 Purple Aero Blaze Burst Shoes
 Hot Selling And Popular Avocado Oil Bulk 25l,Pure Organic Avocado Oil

- - - - - - -

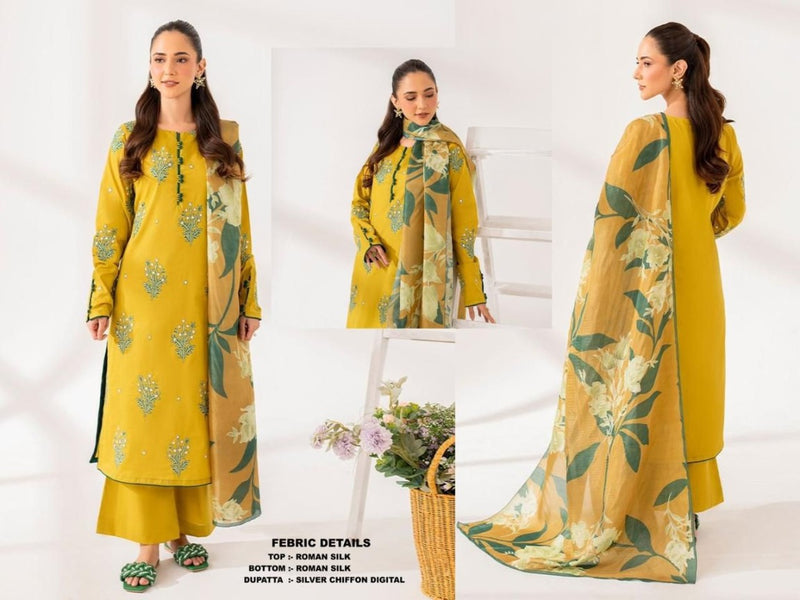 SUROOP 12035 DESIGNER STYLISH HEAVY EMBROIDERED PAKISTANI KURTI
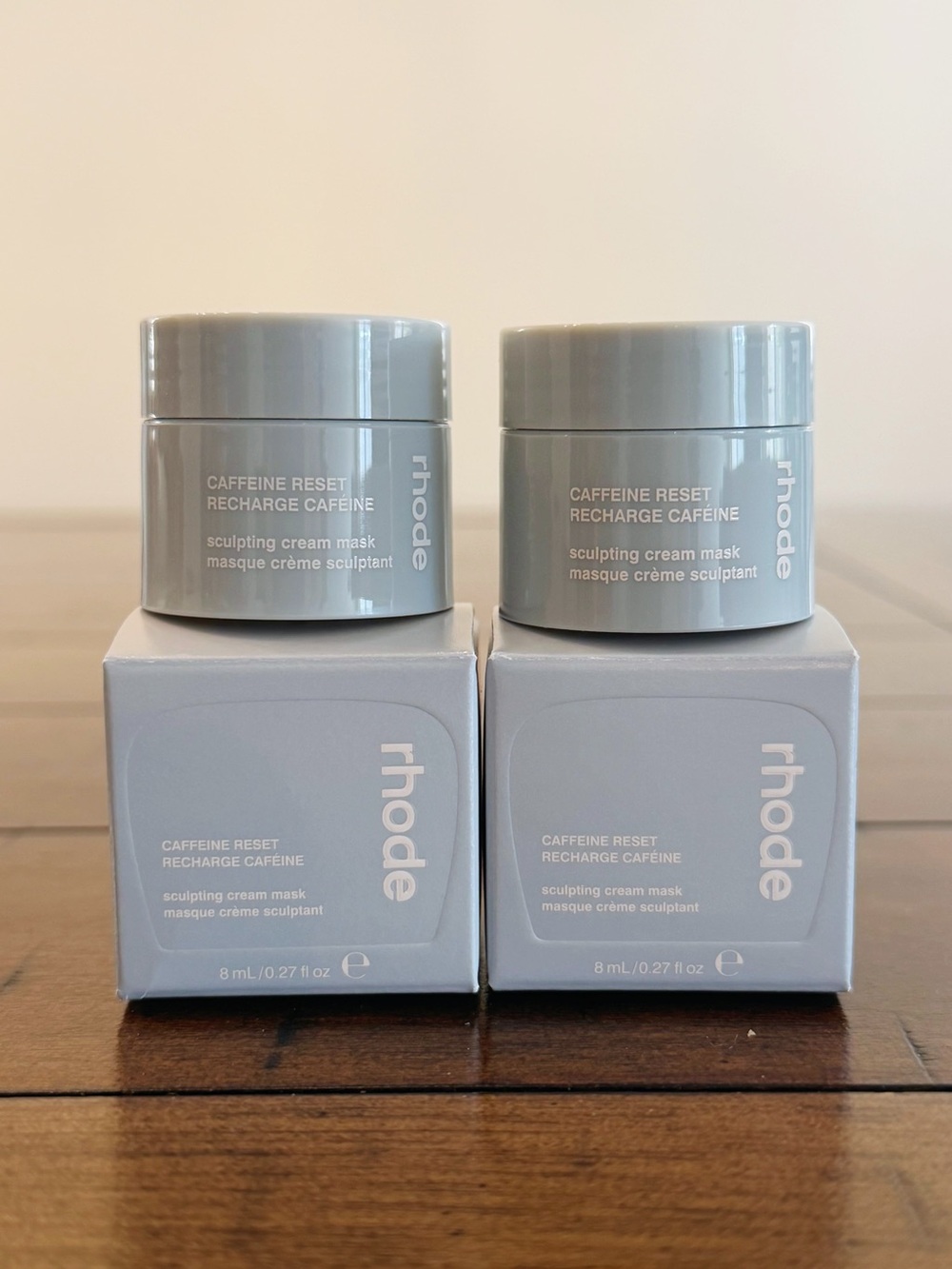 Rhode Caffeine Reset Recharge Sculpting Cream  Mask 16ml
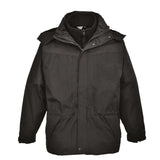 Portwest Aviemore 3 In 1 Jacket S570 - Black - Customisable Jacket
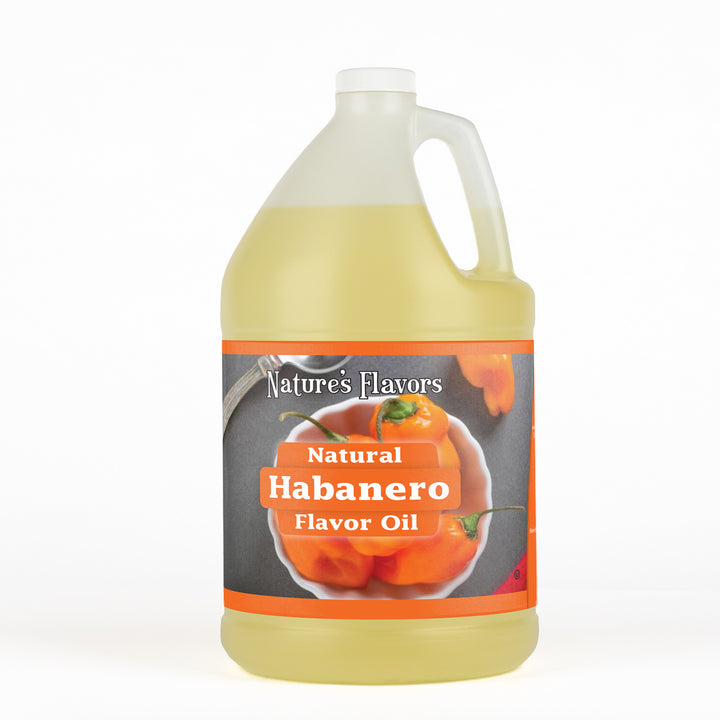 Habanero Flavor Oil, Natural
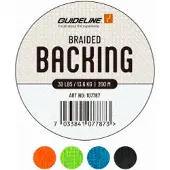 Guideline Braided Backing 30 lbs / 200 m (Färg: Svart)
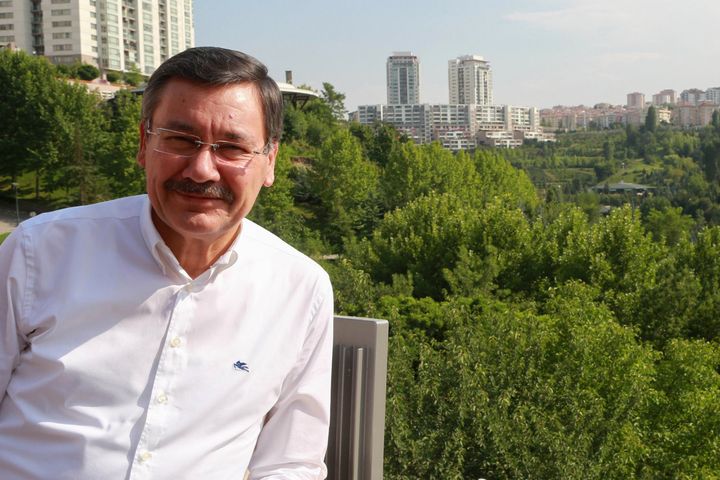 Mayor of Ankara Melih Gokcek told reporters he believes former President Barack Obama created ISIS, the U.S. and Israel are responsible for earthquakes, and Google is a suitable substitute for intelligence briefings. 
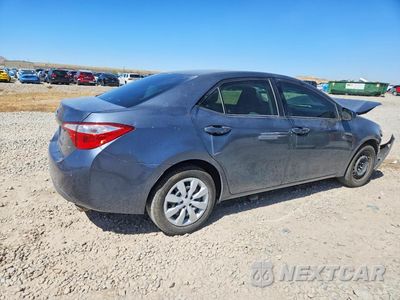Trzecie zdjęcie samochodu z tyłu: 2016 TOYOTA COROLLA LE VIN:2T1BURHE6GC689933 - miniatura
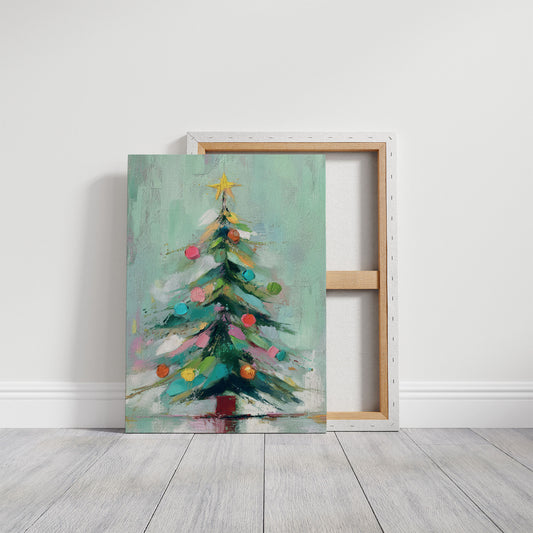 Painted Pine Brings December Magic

- - - - - - -

ABOUT THIS EXERCISE → Using only the entries above, output the line with "Purple Aero Blaze Burst Shoes", the line with "Hot Selling And", and all lines between them, exactly as they stand.

EXERCISE RESULT →
 Purple Aero Blaze Burst Shoes
 Hot Selling And Popular Avocado Oil Bulk 25l,Pure Organic Avocado Oil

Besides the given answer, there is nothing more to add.